The event is co-sponsored by KU First Nations Student Association; Native Faculty and Staff Council; Indigenous Studies Program; Office of Diversity & Equity; Office of Multicultural Affairs; College of Liberal Arts & Sciences Diversity, Equity, & Inclusion; KU Libraries; Spencer Museum of Art; Office of Admissions and Lied Center of Kansas.
In addition to Keene’s public presentation, the Lied Center is hosting a private workshop as part of Indigenous People’s Day celebrations.
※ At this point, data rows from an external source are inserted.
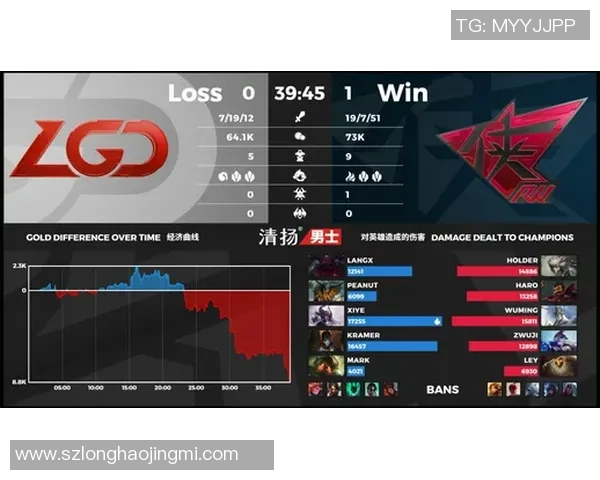 KT中野辅协同作战成功反击HangQ彗西路孤立无援局势逆转收获人头 KT中野辅协同作战成功反击HangQ彗西路孤立无援局势逆转收获人头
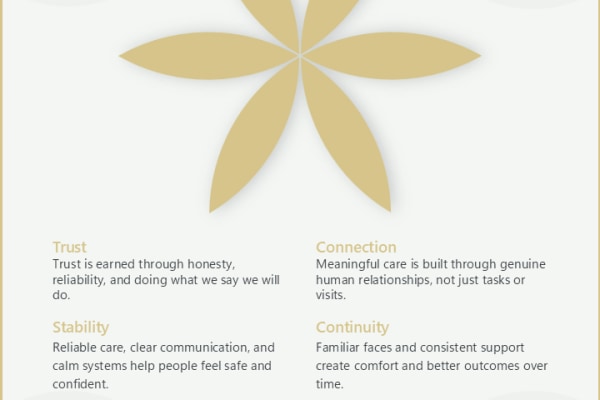 Care at Home Reading RG41 2AD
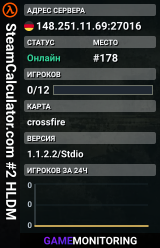 SteamCalculator.com #2 HLDM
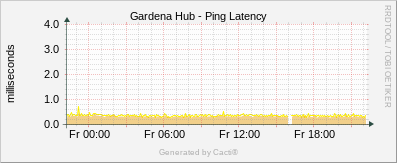 Gardena - Ping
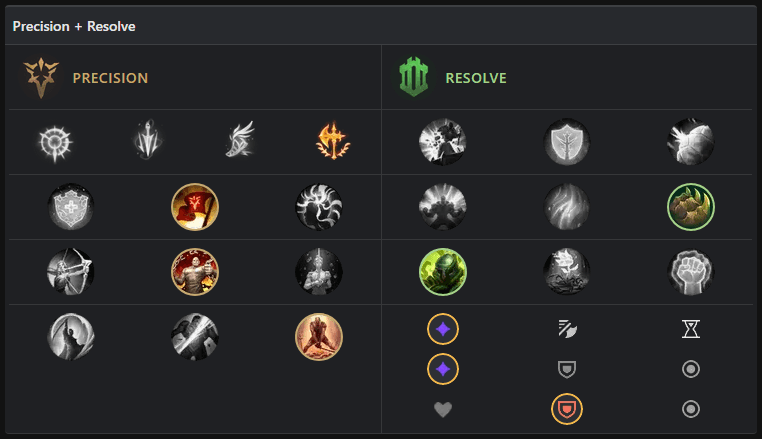 Las runas de Garen en la Top contra Darius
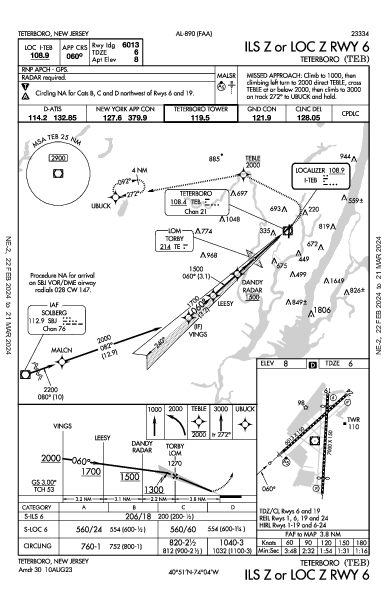 テターボロ空港 Teterboro, NJ (KTEB): ILS Z OR LOC Z RWY 06 (IAP)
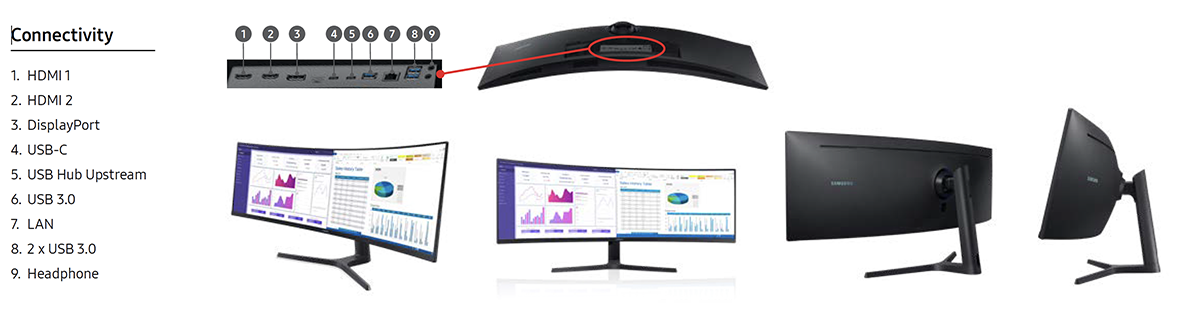 Samsung S49A950UIN - S95UA Series - QLED monitor - curved - 49 - HDR -  S49A950UIN - Computer Monitors 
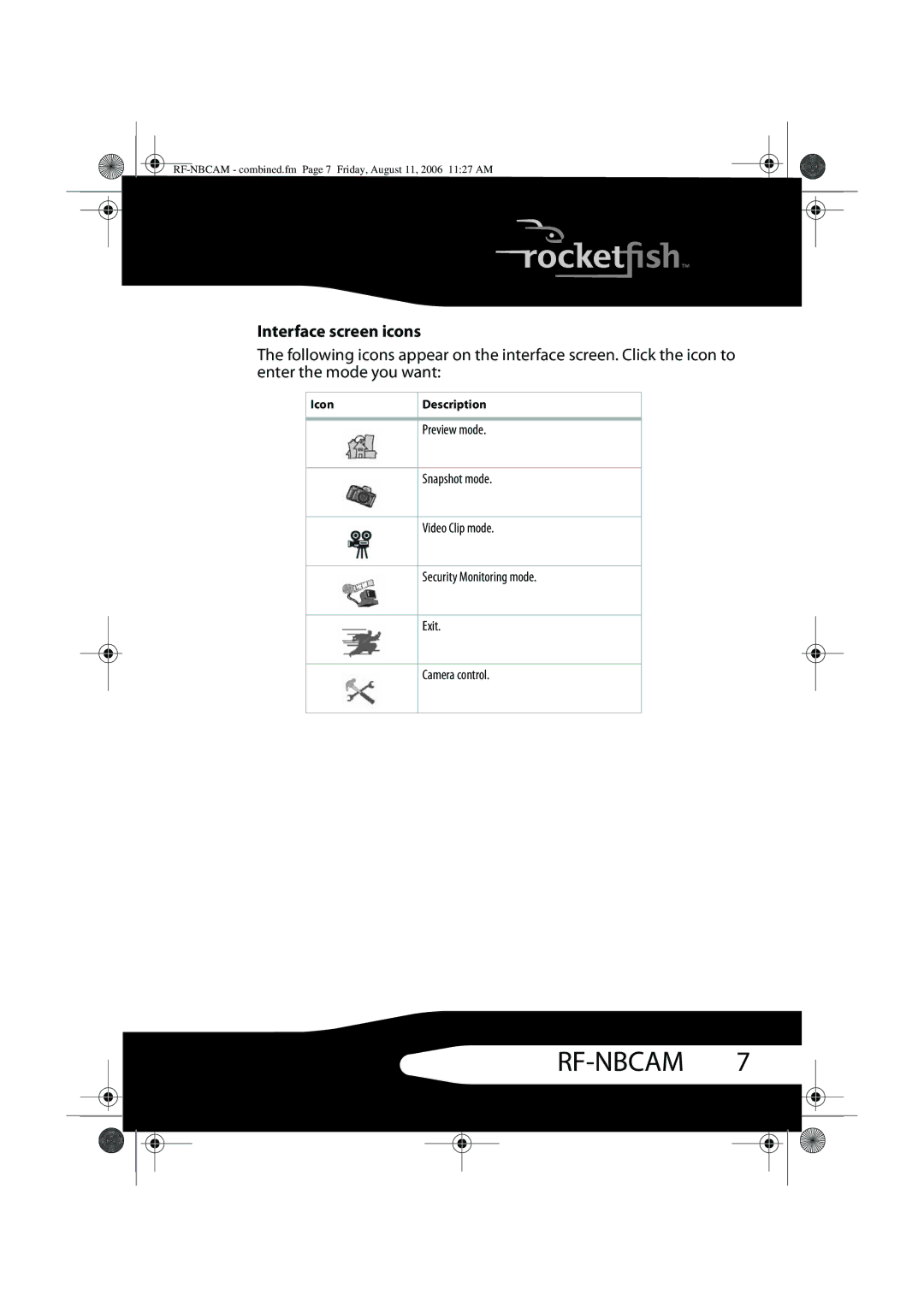 RocketFish RF-NBCAM, RF-NBWEB manual Interface screen icons 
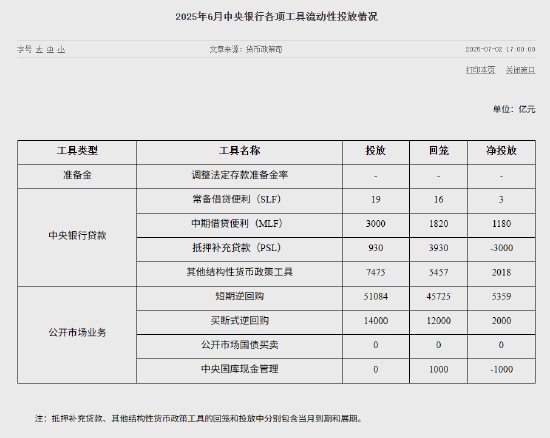 央行公布6月各项工具流动性投放情况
The multiday Indigenous Arts Initiative Workshop will run Oct. 14-17 at the Lied Center. This event will host master Indigenous artist Dana Warrington, who will work with 10 local Native artisans on the skill of quilling. Warrington is an enrolled member of the Prairie Band of Potawatomi of Kansas and grew up on the Menominee Indian Reservation in northern Wisconsin. Warrington is a traditional artist and started beading when he was a child. He later picked up quillwork. Today, his many media include beadwork, quillwork, bustle-making, moccasins and cradleboards.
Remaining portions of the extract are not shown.